THE DATA:
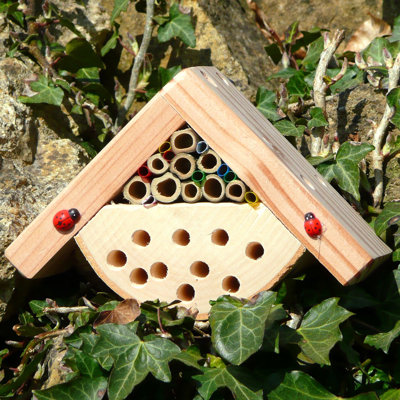 Minoa Mounted Ladybird House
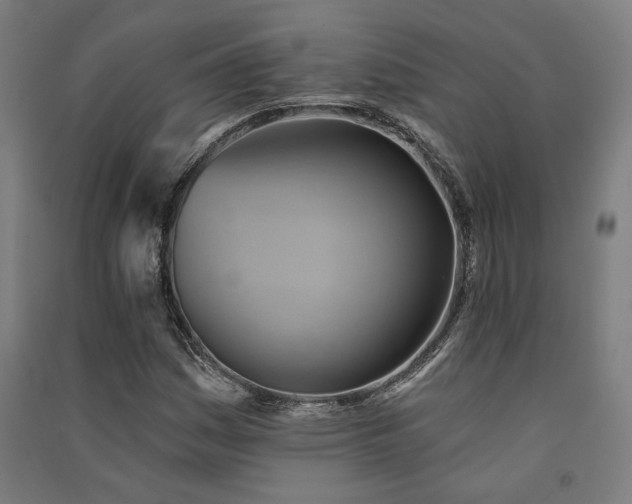 X0000091591161200708201224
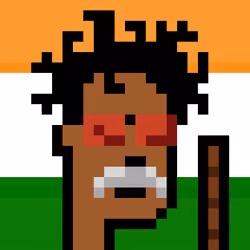 The Indian #4362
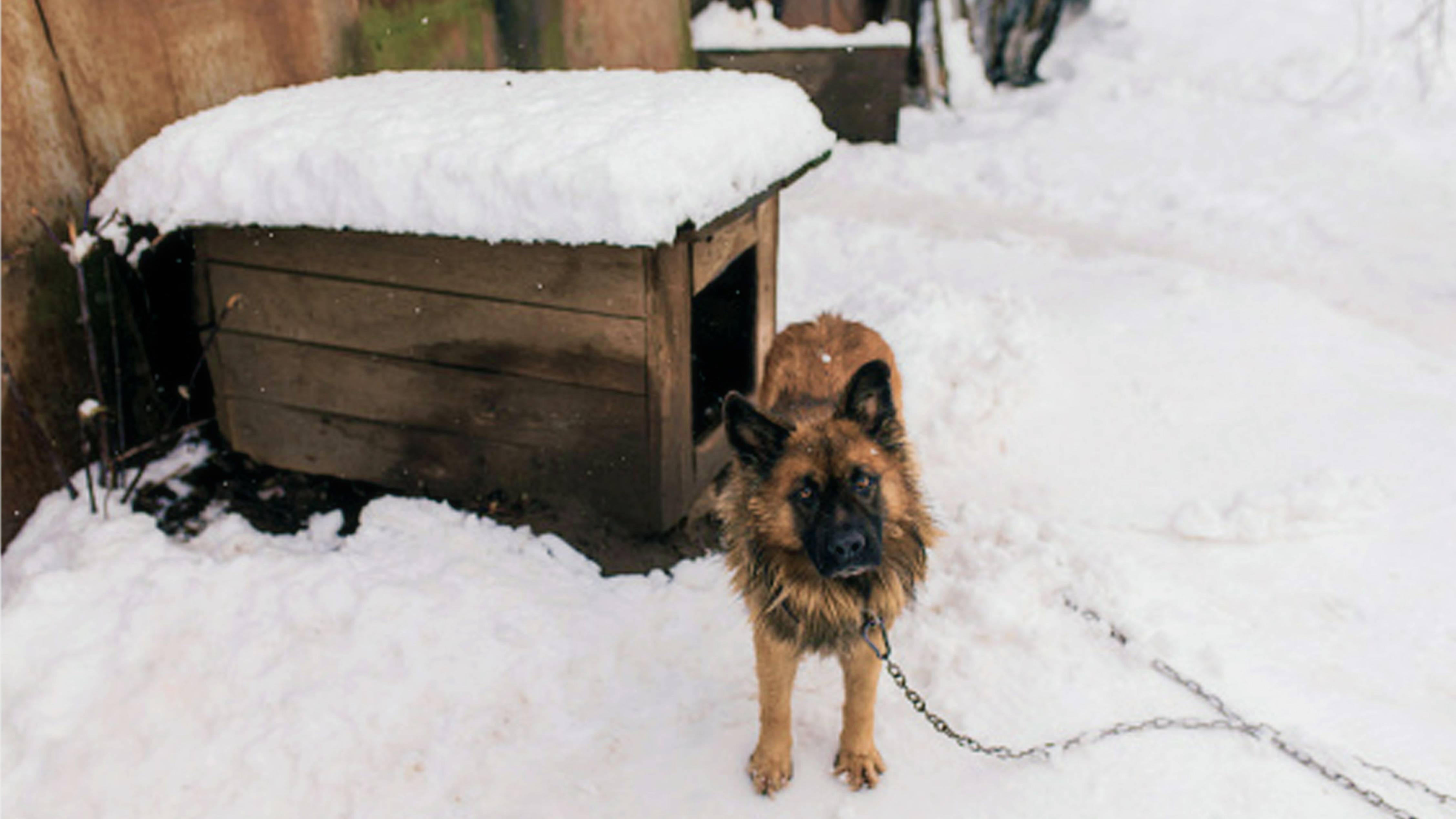 Собака не заходила в будку и спала на снегу. Заглянув внутрь, хозяин закричал от страха! смотреть онлайн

INSTRUCTIONS FOR THE TASK: What is needed is an exact reproduction of the data, pictures excluded.

SOLUTION TO THIS TASK:
 Minoa Mounted Ladybird House
 X0000091591161200708201224
 The Indian #4362
 Собака не заходила в будку и спала на снегу. Заглянув внутрь, хозяин закричал от страха! смотреть онлайн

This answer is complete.